##### The data
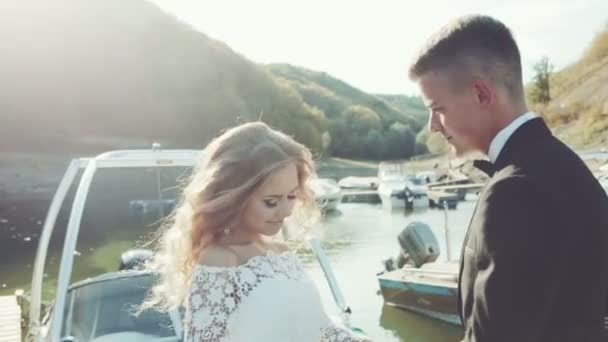 Casal feliz de casamento de mãos dadas pulando no iate no porto — Vídeo de Stock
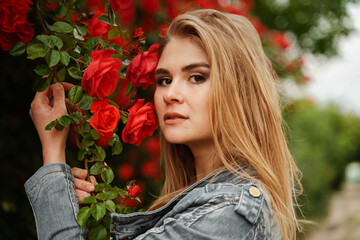 A cute blonde stands near a bush with red roses. Attractive European woman in a denim jacket.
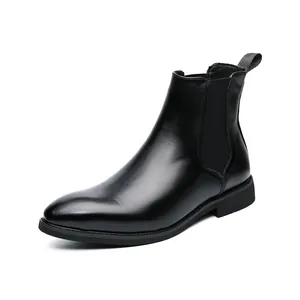 Professional black leather Chelsea boots featuring elastic side panels and back pull tab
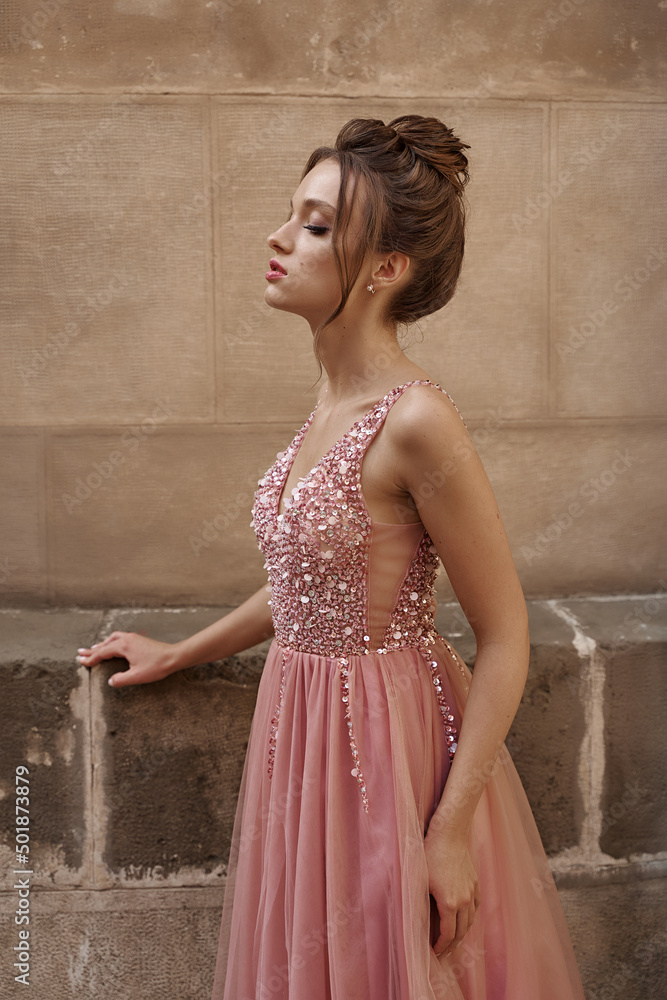 Portrait of beauiful European girl bridesmaid in classic pink dress
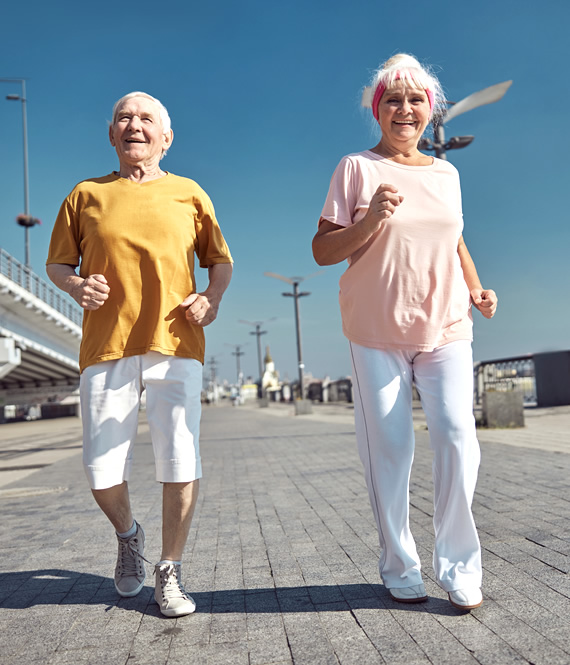 elderly people taking a walk outside
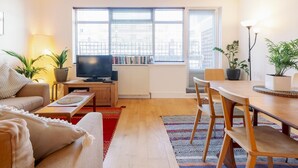 A modern living room with a sofa, a coffee table, a TV, a dining table with chairs, and large windows with blinds. - 3-Bedroom Duplex w/ Private Patio in Shoreditch - Pass the Keys (London)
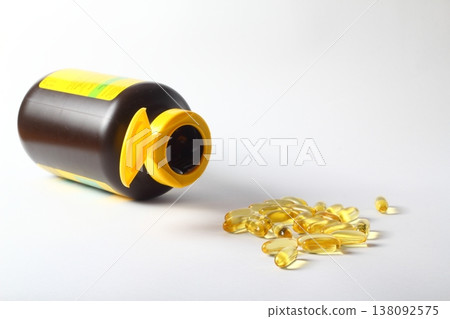Omega 3 yellow capsules and pill bottle on white background Omega 3 yellow capsules and pill bottle on white background 138092575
##########
_Assignment_: Retype the records above exactly, starting at the line that contains "Portrait of beauiful" and going through the last line, and leave out any pictures.

_Exercise answer_:
 Portrait of beauiful European girl bridesmaid in classic pink dress
 elderly people taking a walk outside
 A modern living room with a sofa, a coffee table, a TV, a dining table with chairs, and large windows with blinds. - 3-Bedroom Duplex w/ Private Patio in Shoreditch - Pass the Keys (London)
Omega 3 yellow capsules and pill bottle on white background Omega 3 yellow capsules and pill bottle on white background 138092575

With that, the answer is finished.